Cinderella Wrote: ------------------------------------------------------- > Bayes theorem… YYUUCK! Agreed! I didn’t even bother learning it for the exam.
using tree diagram: 41.3793%, I dont even know the formula really. Whats the right answer?
sgupta0827 Wrote: ------------------------------------------------------- > andytrader Wrote: > -------------------------------------------------- > ----- > > First you need to find probability of failing > > using conditional: > > > > Prob(Fail) = Prob(Fail|>=70) + Prob(Fail|<70) > > > > = 20%(15%) + 5%(85%) = 7.25% > > > > Then use Bayes: > > > > Prob(>=70|Fail) = [Prob(Fail|>=70)/Prob(Fail)] > * > > Prob (>=70) > > > > = [20%/7.25%]*15% > > > > = 41.4% > > I thought we could get the same answer using tree > diagram. If I try using tree diagram for this, I > don’t get the same answer. Am I missing anything? > Could someone demonstrate the same problem using > tree diagram? The tree diagram is tricky as it just shows you the path. It help you to know if you have to use only the total proba rule, the conditional proba, baye theorem or a combination of them. For this question, by drawing your tree (what I did), you realize that you need both total proba and bayes theorem. For the root of the tree, it is bayes theorem and for the leaves it is total proba.

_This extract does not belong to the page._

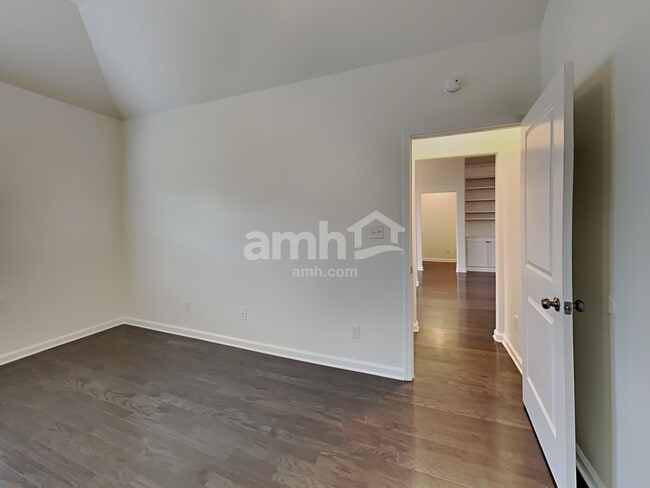 Building Photo - 5462 Stonecrest Dr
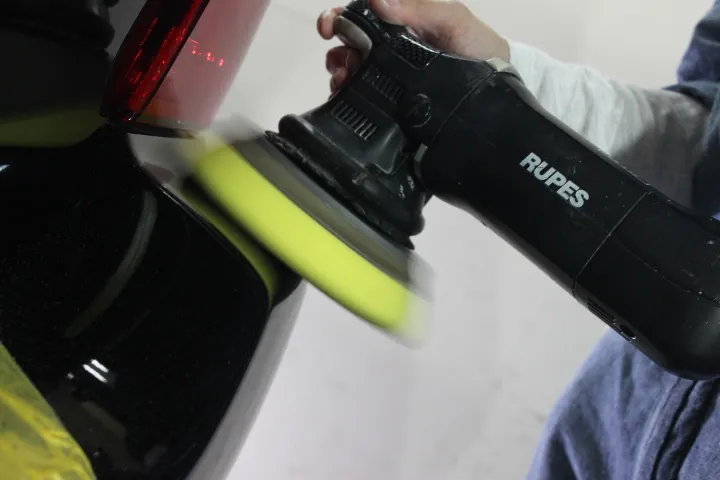 リアバンパーの研磨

I realized that this first step may not have been clear: Prob(Fail) = Prob(Fail|>=70)*Prob(>=70) + Prob(Fail|<70)*Prob(<70) = 20%(15%) + 5%(85%) = 7.25% Once you have probability of failing, then you can apply Bayes using known info.
yes you can just do this with a tree diagram. Say you have 100 people. 85 people are under 70, 15 are older than 70. Of the 85 people under 70, 80.75 pass, 4.25 fail Of the 15 people over 70, 12 pass, 3 fail. therefore the chance of someone being over 70 given that they failed is 3/7.25 = 41.4%
Kiakaha Wrote: ------------------------------------------------------- > yes you can just do this with a tree diagram. > > Say you have 100 people. > > 85 people are under 70, 15 are older than 70. > > Of the 85 people under 70, 80.75 pass, 4.25 fail > > Of the 15 people over 70, 12 pass, 3 fail. > > therefore the chance of someone being over 70 > given that they failed is 3/7.25 > = 41.4% Thanks Kia! Now I get it. I think I was confused about the language of the question.